# over water?



## techrons78 (May 5, 2015)

2weeks in can they heal ot should throw away 

View attachment 20150505_103302.jpg


View attachment 20150505_103242.jpg


----------



## Rosebud (May 5, 2015)

Is that the problem over watering? If so you could remove them from the pots carefully and turn the lights off and see if they bounce back in 12 hours or so.


----------



## techrons78 (May 5, 2015)

Rosebud said:


> Is that the problem over watering? If so you could remove them from the pots carefully and turn the lights off and see if they bounce back in 12 hours or so.



Ok will do thx


----------



## techrons78 (May 8, 2015)

Rosebud said:


> Is that the problem over watering? If so you could remove them from the pots carefully and turn the lights off and see if they bounce back in 12 hours or so.



No deal rose this my first time mix in coco choir with FFOF...I forgot that coco hold 100x weight in water.....I was watering them with some water in the bottom of fabric pot...the 4 look like **** but still growing and getting somw new leaves...but the bottom is getting dryer so maybe they will  bounch back..anyth thoughts?


----------



## Dr. Green Fang (May 8, 2015)

Damn man! All I can think is one thing when I see this; "I hate soil" (sorry soil lovers) 

Hope you recover man


----------



## Grower13 (May 8, 2015)

techrons78 said:


> No deal rose this my first time mix in coco choir with FFOF...I forgot that coco hold 100x weight in water.....I was watering them with some water in the bottom of fabric pot...the 4 look like **** but still growing and getting somw new leaves...but the bottom is getting dryer so maybe they will bounch back..anyth thoughts?


 

What do you have the fabric sitting on or in....... if they are sitting in or on something that holds water....... are you pouring off the excess water left after watering? also if the bottom of the fabric pots  are laying flat and holding to much water............ set them up on a brick or something to elevate them a little........ this will allow your fabric pots to drain better.


----------



## techrons78 (May 9, 2015)

Grower13 said:


> What do you have the fabric sitting on or in....... if they are sitting in or on something that hoMmmm y firatlds water....... are you pouring off the excess water left after watering? also if the bottom of the fabric pots  are laying flat and holding to much water............ set them up on a brick or something to elevate them a little........ this will allow your fabric pots to drain better.



They look like they are comming back to life a tad....i water one the other day and it started doing same thing..this is my first time usuing coco mix...soil is soaked....
im thinking about just some water plain for next round maybe salt built up....


----------



## Kraven (May 9, 2015)

Dunno why on earth you would mix FFOF with coco, I usually mix FFOF with a more perlite personally. I agree you need to get the soil to dry out, it needs a wet / dry cycle.


----------



## Rosebud (May 9, 2015)

How is it going now Techron?


----------



## The Hemp Goddess (May 9, 2015)

I can't really get the coco thing down either.  It seems like mine is always too moist.  

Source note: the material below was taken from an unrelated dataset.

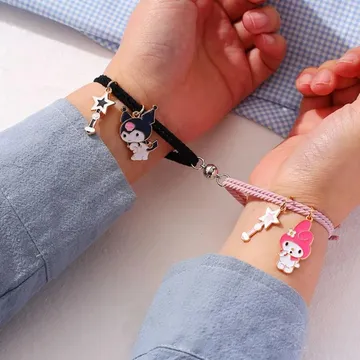 Cute Cartoon Roop Paired Magnet Couple Bracelet ( 2Pc )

I would not flush as you are having problems with the soil staying too wet.  Is there any reason to believe that you have salt buildup?


----------



## frankgrimes (May 10, 2015)

looks like a slight burn from overfeeding what ppm's you running at?


----------



## Hushpuppy (May 11, 2015)

One thing I have found with using coco is that while it drains really well, it also holds water very well. I love it in a hydro setup but hate it in soilless setup. One key to coco is to mix it with* a lot of pearlite*, almost 50% will work just fine to keep it from compacting and holding moisture. I personally wouldn't use it in soilless myself as I have already tried and found the pH to be a nightmare to keep balanced. Also, I have found that coco holds nutrients better than it holds water. 

In hydro, this is a benefit but in soilless it is a pain. To prevent buildup of both good and bad in the coco, you have to flush it periodically. This is why it works so well in hydro I guess as it gets continuously flushed and filled with fresh nutes for the plants to grab.
I agree with Kraven, don't use coco with FFOF, instead use pearlite to keep the soil loose and able to aerate well.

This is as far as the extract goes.